Andlu, also written as Aandlu, Andloo or Anduloo, is a small to medium-sized village in the Punjab state of India. It has a population of approximately 2500 and is located in the Raikot tehsil of district Ludhiana. The nearest major city is Ludhiana which is at approximately 38 kilometers from Andlu. Andlu is well connected to Raikot, Ludhiana and Ahmedgarh by well laid network of roads. It has two schools; the primary school for children up to fifth grade and a Higher Secondary School for students up to Grade twelfth. It also has a health dispensary run by the Department of Health of Punjab, and has a MBBS doctor appointed to the dispensary. People of Andlu actively participate in sports, facilities for which are available in the large ground in the premises of the Higher secondary school. Popular games are football, cricket, Rope pulling, volleyball and cart racing.

== Economy ==

The primary occupation of the people of Andlu, like majority of villages of Punjab, is agriculture. A significant population of Andlu consists of people of scheduled caste and backward class (OBC).
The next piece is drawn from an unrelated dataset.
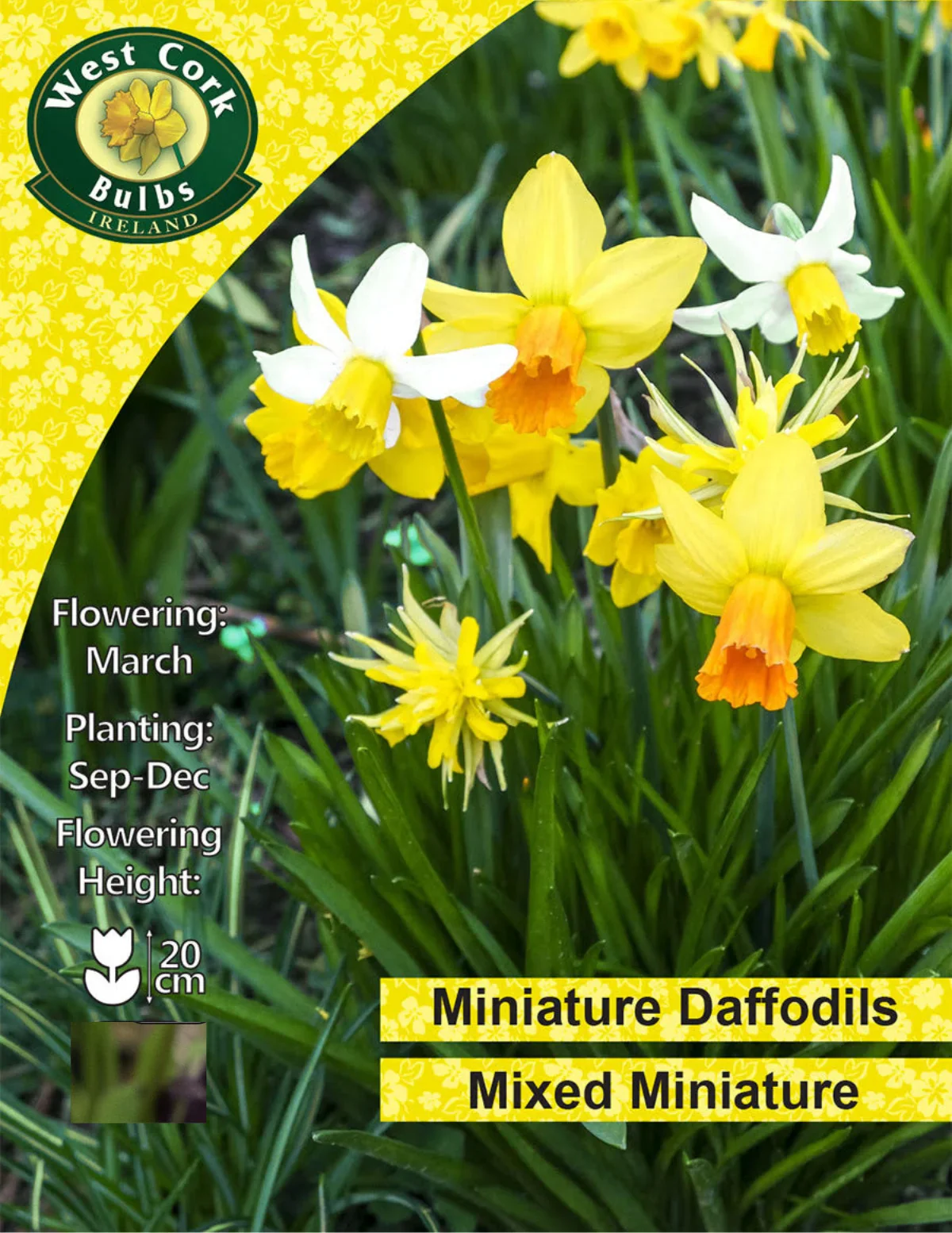Dwarf Daffodil Bulbs: Mixed Varieties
As the economy grows, Andlu continues to grow and recently many new shops and eating joints, called Dhabhas, have sprung in the periphery of village. Also a gas station has opened in the village which is unusual for a small village like Andlu. The most common religion of people of Andlu is Sikh, followed by Hindus. In the past few decades, large number of families from this village have migrated to the western countries, mainly Canada, Australia, U.S.A. and U.K. And this trend continues to the present day as well as more and more youngsters choose to settle in western countries rather than continuing with the family occupation in the village. Most marriages currently solemnized in Andlu have at least one partner as foreign resident, and after marriage, the couple almost always choose to reside in the foreign country.

== History ==

Andlu is mainly a village of migrants from Pakistan who came here at the time of independence and partition of India in year 1947. Majority of the population today is of Grewal jatts. Before independence the majority of the people living here were Muslims, but later some migrated to Pakistan (now living in sidhu pura, faisalabad city, Demon Wala Kalan, Nankana Sahib city) and the majority were killed. Even today, some old abandoned Mosques, which were earlier the place of worship for Muslims, can be found in the village. Many decades ago, Andlu incorporated the neighboring village of Shahidgarh whose population was said to be totally wiped out by the Muslims hence the name of Shaheedgarh.